Tragically, the figures who were poised to smooth the transition from hagiography to credible history were the very ones driven from the church. Faithful scholars, who had one foot in the academy and another in the ward meetinghouse, were eager to do the work of introducing complexity without sacrificing belief, but some leaders made them feel as if that work was harmful.
We—church leaders and lay members alike—would be wise to recall this history, as doing so might prevent us from once again making scapegoats out of those who, to quote Spencer Fluhman, are constructing “a bridge between one church-world and another forming in the lives of [the next generation].”
We ought to applaud, not berate, those bridge builders.

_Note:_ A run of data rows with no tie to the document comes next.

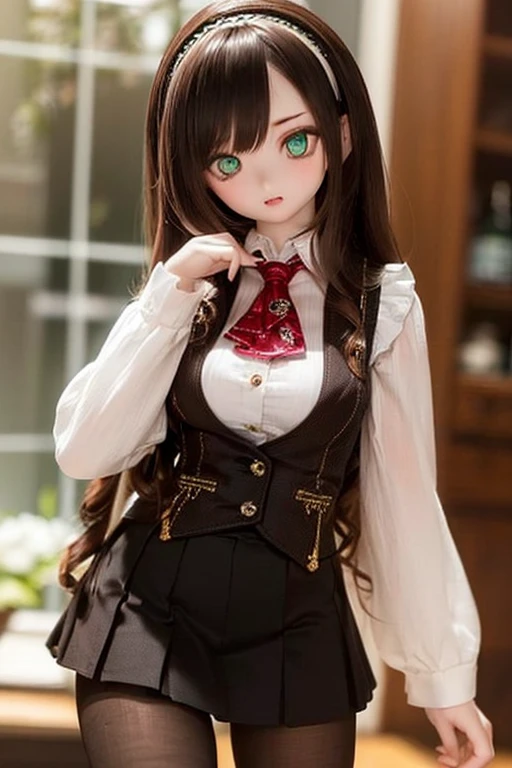 (SFW:2), photorealistic, realistic photo, 8k, ((highest quality)), ((masterpiece)), (extremely detailed), kukolnydom, doll, (mature woman, 21yo, 21 years old, solo:1.6), ((cowboy shot, contrapposto, slim, slender, skinny, medium breasts, hairband, ascot, vest, blouse, long puff sleeves, pleated skirt, black pantyhose)), (green eyes, brown hair, long hair, plastic skin, looking at another, glass eyes, gradient eyes, shining eyes, detailed eyes:1.3)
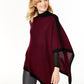 Charter Club Women's Cashmere Border Poncho Red Size Regular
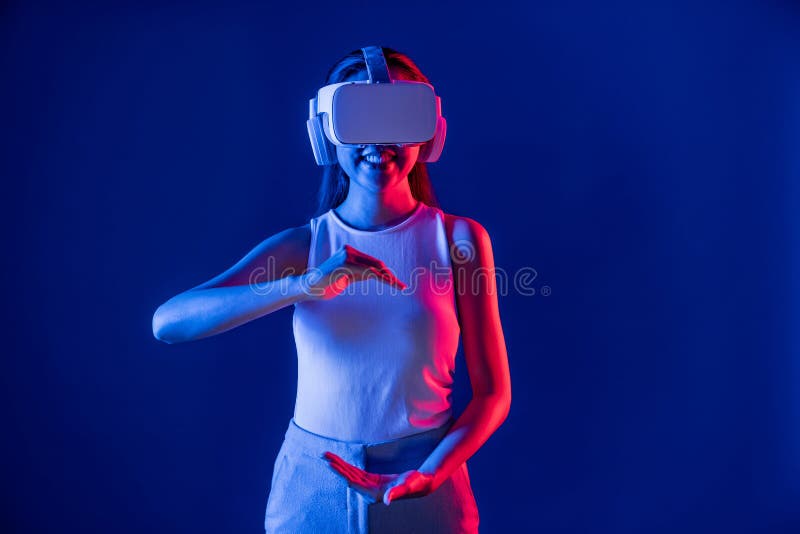 Smart female use both hands interacting generated virtual object. Hallucination. royalty free stock photo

Amen. But there might also be a consequence of those years that we do not often talk about, or even know how to approach, and that is how those years pushed lots of younger and some older LDS historians to "exalt" nonLDS, and alienated LDS historians as the beacons of truth. Some of those new heroes were and are very good scholars, but their disdain for Mormonism is palpable, and my experience has taught me--because I too have disdained certain things--that no matter how fair you try to be, and how good a historian you are, you will end up painting a picture that is not always, or often accurate about something you really dislike. Being a historian of faith is difficult because you are attacked either as an apologist from without, or as a heretic from within, when your desire is to tell a truth story to the extent that you can. It is said that once when the Union forces were planning a major assaut, a general is purported to have turned to Lincoln and said, "I hope the Lord is on our side," to which Lincoln replied, "I hope we are on the Lord's side". As historians of faith, we should also seek to be on the Lord's side, which is the side of truth, compassion, and facing up to our errors, be they individual or institutional. My hope is that our scholars will keep the faith and push back with the truth, and not themselves be pushed one way or the other by the religious war that seems to be waging all the time in Mormon studies.
I recently had a discussion with my son who is in his 30s and no longer participates in church, why his generation has left the church (I'm in my 60s and don't know anyone who doesn't have at least one child who has left the church), his answer was directly connected to this history war. He said his generation (children in the 90s and early 00s) was raised with a very strong "either you believe it all or you are with the devil." As they reached adulthood and began questioning and wondering, they felt like they were left with the alternative of either all in or all out because if they did not believe it all, then they were not welcome. I was aware of this change going on during that time but I had no idea it would have this kind of consequences for our children.